Aslında bu sorunun cevabını yukarda verdik. Şimdi düşünün ki alanında uzman, uluslararası alanda iş yapabilen ve ticari tahkim merkezinde avukatsınız. Bu halde, hem saygın hem de ekonomik olarak rahat bir yaşantınız olur.

Bununla beraber kısa vadede planladığımız şeyler de vardır. Ancak bunlar sadece Erzurum´daki avukatların değil tüm ülkedeki avukatların sorunudur. Ciddi giderleri olan avukatın ekonomik olarak rahatlaması gerekir. Bunun için bakanlıkta ve gerekli yerlerde girişimlerde bulunacağız. CMK ücretlerinin ve asgari ücret tarifesinin artırılması için çaba sarf edeceğiz. Baro olarak elimizde olan adli yardım ücretlerinin artırılması gibi şeyler de yapacağız. Bunun için kaynak bulacağımıza da inanıyorum. Ayrıca haksız rekabetin önüne geçmek için gerekli işlemleri yapacağız.

Diğer taraftan, toplumun da bizi anlaması gerekir. Avukatlık mesleği ilk başta ücretle yapılan bir iş değildi; cübbelerimizde cebin olmamasının sebebi de budur. Bu mesleğin çıkış nüvesi insanın kendi hak ve özgürlüklerini korumasıdır. Bir kişinin avukatını koruması, kendi temel hak ve özgürlüğünü teminat altına alması demektedir.

-          Yapmak istedikleriniz çok güzel şeyler. Bu sohbetle avukatlık mesleğini daha iyi tanıma fırsatımız da oldu. Sayın Genç, siz şehirde de tanınan bir simasınız. Sizi halkımıza sorduğumuzda karşılaştığımız ve ilgimizi çeken ifadeler oldu. İsminizi söylediğimizde ? ha o gülümseyen avukat mı?, yav bal bal? söylemleri ile karşılaştık. Bu enerjinizin sırrı nedir?      
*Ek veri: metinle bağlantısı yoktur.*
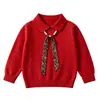 Suéter de punto para niña con cuello y estampado ondulado, cómodo y amigable con la piel, suéter infantil con cintas de perlas, tejido casual para niñas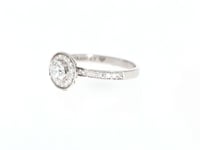 Channel Set Halo Brilliant Cut Diamond Engagement Ring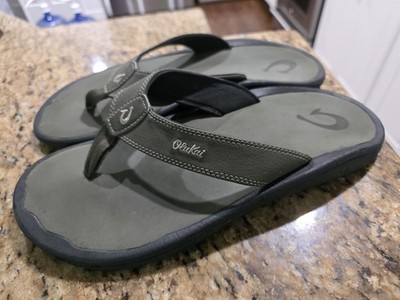 Olukai Ulele Flip Flops Comfort Sandals Black Gray Men\'s Size 10 Slip On Beach Olukai Men main image 3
İnsanız çok kıymetli, ben çok seviyorum. Her birinde ayrı bir desen, ayrı bir güzellik var. Tebessümün sadaka olarak kabul edildiği bir medeniyetin evladıyız. Her gün sadaka dağıtmak ne kadar güzel bir şey. Ben enerjimi milletimden alıyorum.   

-          Çok keyifli bir sohbetti. Bizi kırmadığınız için çok teşekkür ederiz. Seçim sürecinde size başarılar dilerim. Son olarak söylemek istediğiniz bir şey var mı?

Hukuk insanları mutlu etmek için vardır. Artık romanesk saraylardan sıyrılıp insanımız ile beraber yürümemiz gerekiyor. Su, hava ve toprağın esaretinde geçen bu ömrümüzde, hoş bir seda bırakabilirsek ne mutlu bizlere. Artık bahaneleri bırakmamız gerektiğine inanıyorum. İnancıma göre, adil olmamamın bahanesi yoktur. Hep birlikte samimi olarak çalışırsak sorunları çözeceğimize inanıyorum. Ben meslektaşlarıma ve insanımıza diyorum ki kaçmakla olmuyor. Kaçacaksak da beraber kaçalım. Ne diyor üstat Abdurrahim Karakoç:

Şüphe ?başlangıç?tır, karar ?nihayet?